As you can see, using the anonymous method is three times as fast. So while filters are fantastic, they're not always the best solution ;-)

So much for the comment from Guy, whom I would like to thank very much for this invaluable input. Here is the alternative code he is describing, using an anonymous method instead of the TypeFilter:

class CmdFilterPerformance
  public CmdResult Execute(
    ExternalCommandData commandData,
    ref string message,
    ElementSet elements )
      Application app = commandData.Application;
      Document doc = app.ActiveDocument;
      Stopwatch sw = Stopwatch.StartNew();
      // f5 = f1 && f4 
      //    = f1 && (f2 || f3) 
      //    = family instance and (door or window)
      Autodesk.Revit.Creation.Filter cf
        = app.Create.Filter;
      //Filter f1 = cf.NewTypeFilter( 
      //  typeof( FamilyInstance ) );
      Filter f2 = cf.NewCategoryFilter(
        BuiltInCategory.OST_Doors );
      Filter f3 = cf.NewCategoryFilter(
        BuiltInCategory.OST_Windows );
      Filter f4 = cf.NewLogicOrFilter( f2, f3 );
      //Filter f5 = cf.NewLogicAndFilter( f1, f4 );
      //int n = doc.get_Elements( f5, openings );
      List<Element> openings = new List<Element>();
      doc.get_Elements( f4, openings );
      List<Element> openingInstances
        = openings.FindAll( delegate( Element element )
            return !( element is Symbol );
          } );
      int n = openingInstances.Count;
      Debug.WriteLine( string.Format(
        "Time to get {0} elements {1}",
        n, sw.ElapsedMilliseconds ) );
      return CmdResult.Succeeded;
    catch( Exception ex )
      message = ex.Message + ex.StackTrace;
      return CmdResult.Failed;

It really goes to show how extremely important testing on real life projects and scrupulous profiling and benchmarking is to ensure that you as a professional developer really deliver optimal quality to your clients.
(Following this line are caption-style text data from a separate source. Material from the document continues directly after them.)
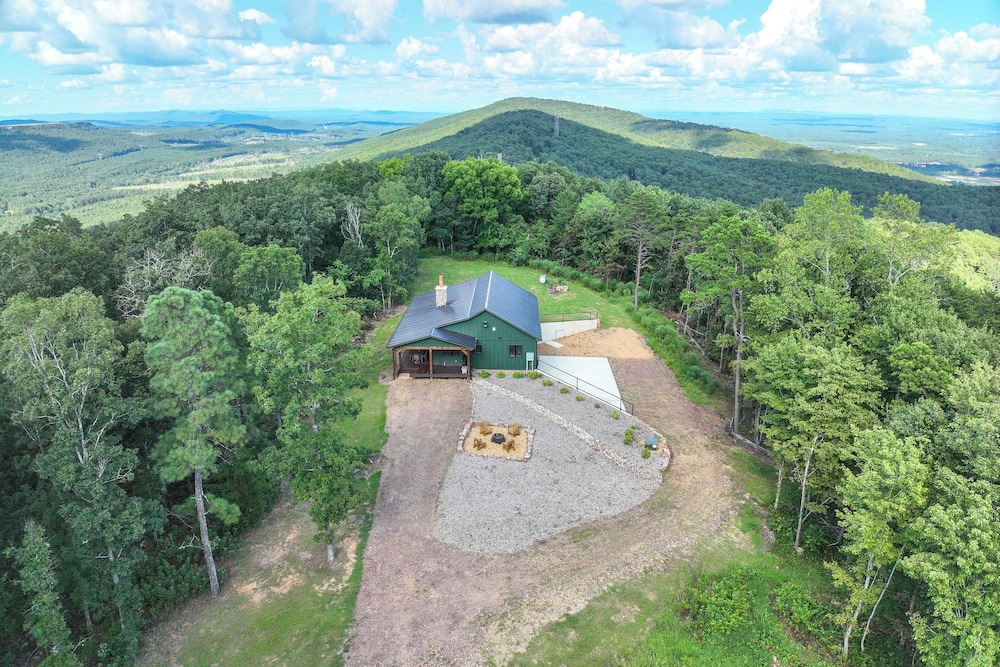 400 Acres on Lavender Mtn: Getaway w Hot Tub in Rome, United States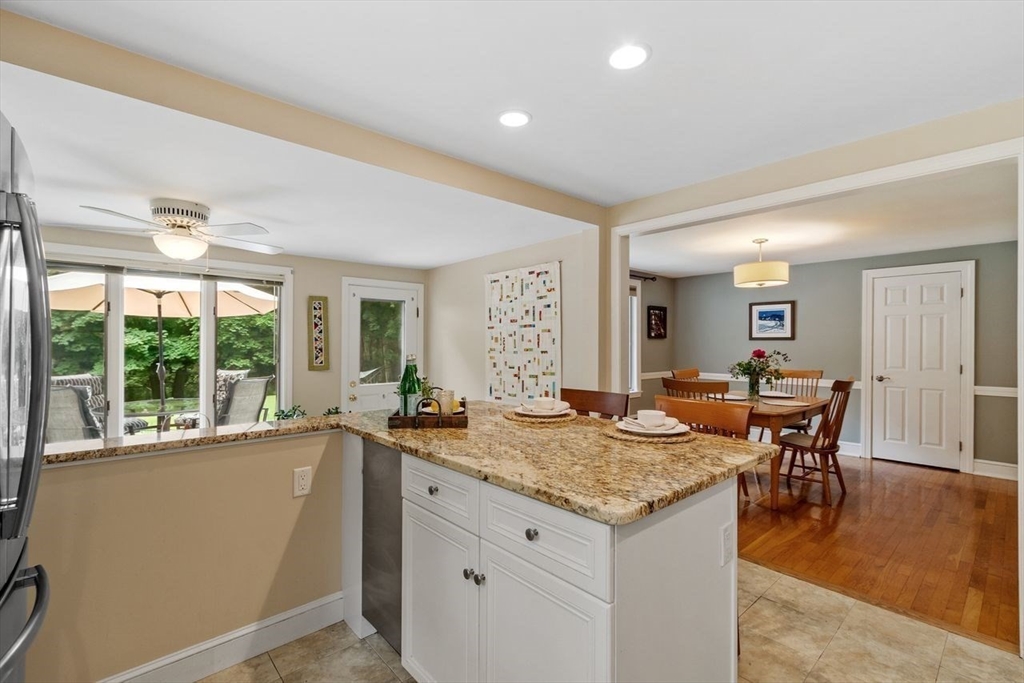 20 Chandler Road Andover, MA 01810 - Photo 5 of 41 Gallery Image 5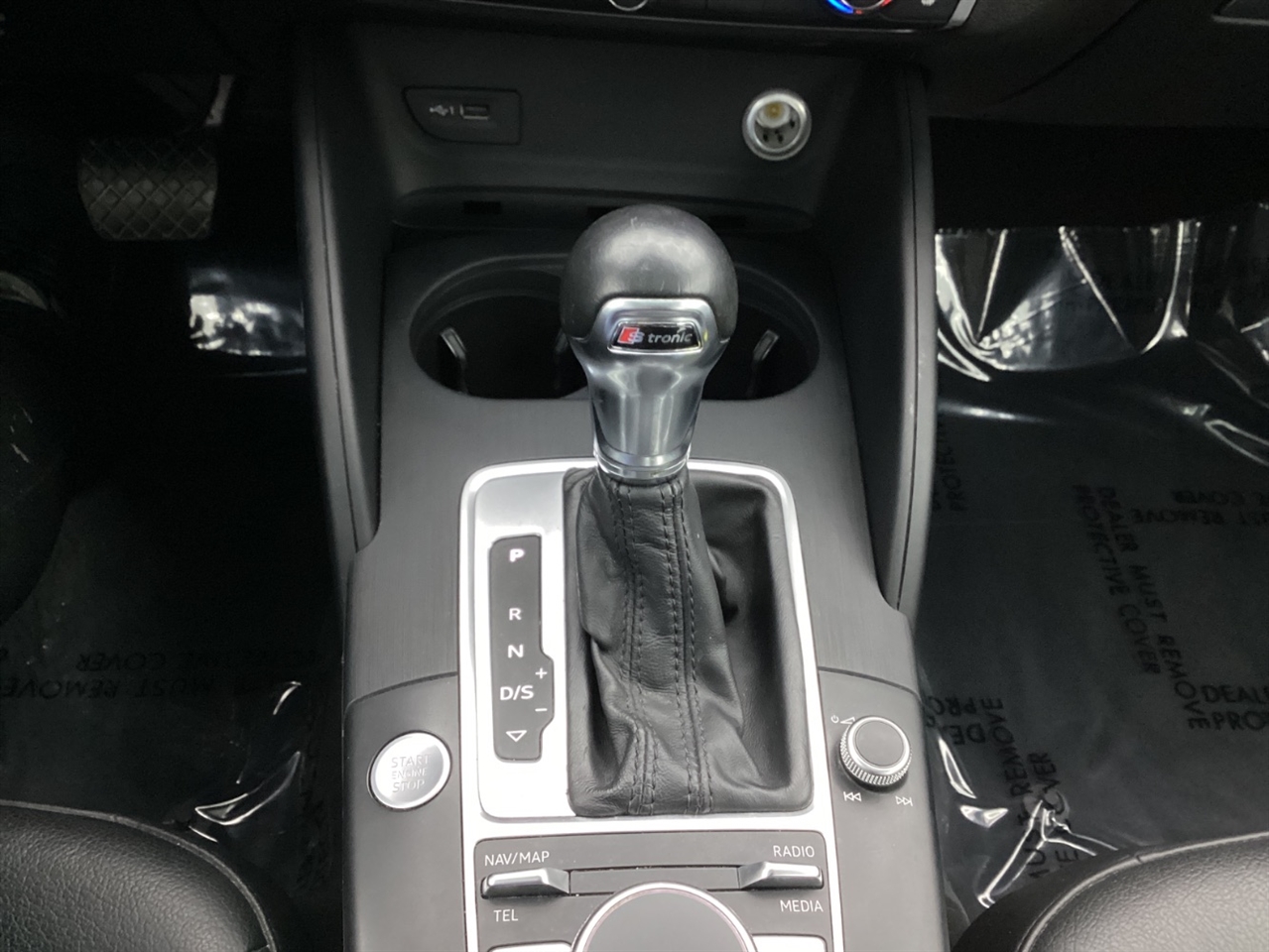 Audi A3 Sedan 2.0 TFSI Premium Plus quattro AWD 2017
It also shows how easy it is for me to play around in an ivory tower and that my messages should always be taken with large grains of salt. And everybody else's too, of course. Guy has already pointed out some performance traps when blindly trusting Revit API filters to be fast in the past ... this one really brings the message across!

I am adding the complete Visual Studio solution here. This version includes the four commands we discussed so far: CmdListWalls, CmdRelationshipInverter and CmdWallDimensions and the new CmdFilterPerformance.